= 2026 North Dakota elections =

A general election in the U.S. State of North Dakota will be held on Tuesday, November 3, 2026, to elect officers to federal, state, and local government. Partisan primary elections will be held on Tuesday, June 9, 2026. The Republican Party and the Democratic–Nonpartisan League will contest partisan elections throughout the state.
This will be the first election cycle in the state since 2020 in which every statewide race will be contested by Republicans and Democratic–NPLers.

==State party conventions and platforms==
=== Democratic–Nonpartisan League Party===
The 2026 Democratic–NPL convention took place in Bismarck from March 6–8, in which 452 delegates participated, the most since 2018. Keynote speakers included Mayor of Denver Mike Johnston. Several candidates were endorsed for statewide office, with the exception of tax commissioner and agriculture commissioner. The party issued a letter of support for Tracy Foss, who is running in the nonpartisan election for superintendent of public instruction. Resolutions passed by the convention included condemnation of the Second Trump administration's economic and immigration policies, and calling for the rollback of the state's near-total abortion ban.

===Republican Party===
The 2026 North Dakota Republican convention took place in Minot from March 28–29, in which over 700 delegates participated. Convention delegates only endorsed two candidates for the seven statewide partisan elections up for election: 2024 congressional candidate Alex Balazs for U.S. Representative against Trump-endorsed incumbent Julie Fedorchak, and Deven Styczynski for the six-year Public Service Commission post.

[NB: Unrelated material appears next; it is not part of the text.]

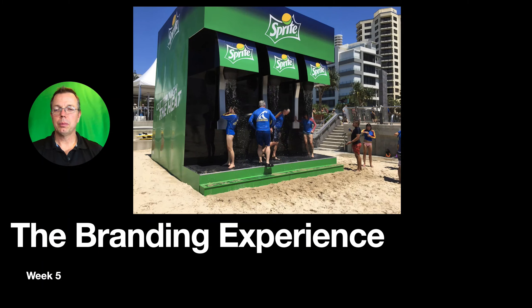Welcome back to the Branding Experience. We are now in week five, or week three if you are in a quad semester.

The convention narrowly approved a motion, 318-312, that would strip party branding from Republican incumbent officials who did not attend: all statewide elected officials skipped the convention. Supporters of the motion characterized the absent incumbents as RINOS, or "Republicans in name only". The motion was controversial: Republican state representative Bernie Satrom from Jamestown described it as "really a stupid move." Many incumbents, including Agriculture Commissioner Doug Goehring, cited the 2024 convention and its divisiveness as their reason to not attend.

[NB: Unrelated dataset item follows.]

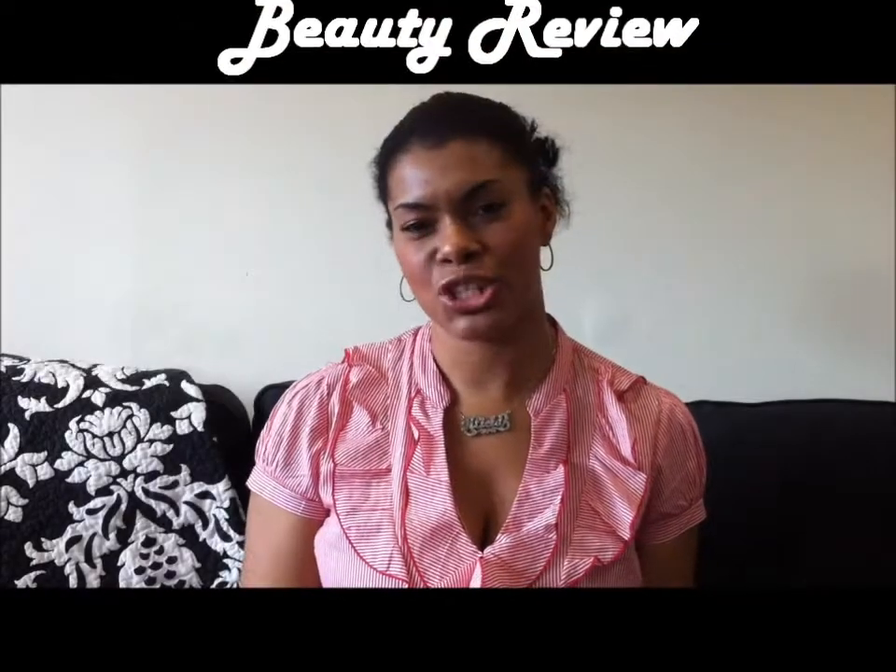Hi guys, it's Alicia from Chica-Fashion.com and I know I had been promising you a review of my red lipstick that I love so much. So finally, after I don't know how many months, here is the review.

Fourteen resolutions were adopted by the convention. In one of the resolutions, the NDGOP declared that partisan primaries were unconstitutional and that the party would use the legislature to seek their abolition, thereby giving the party total control over its general election nominees. Other resolutions included reiterating the party's opposition to gay marriage (passing 583-17) and abortion (passing 589-11).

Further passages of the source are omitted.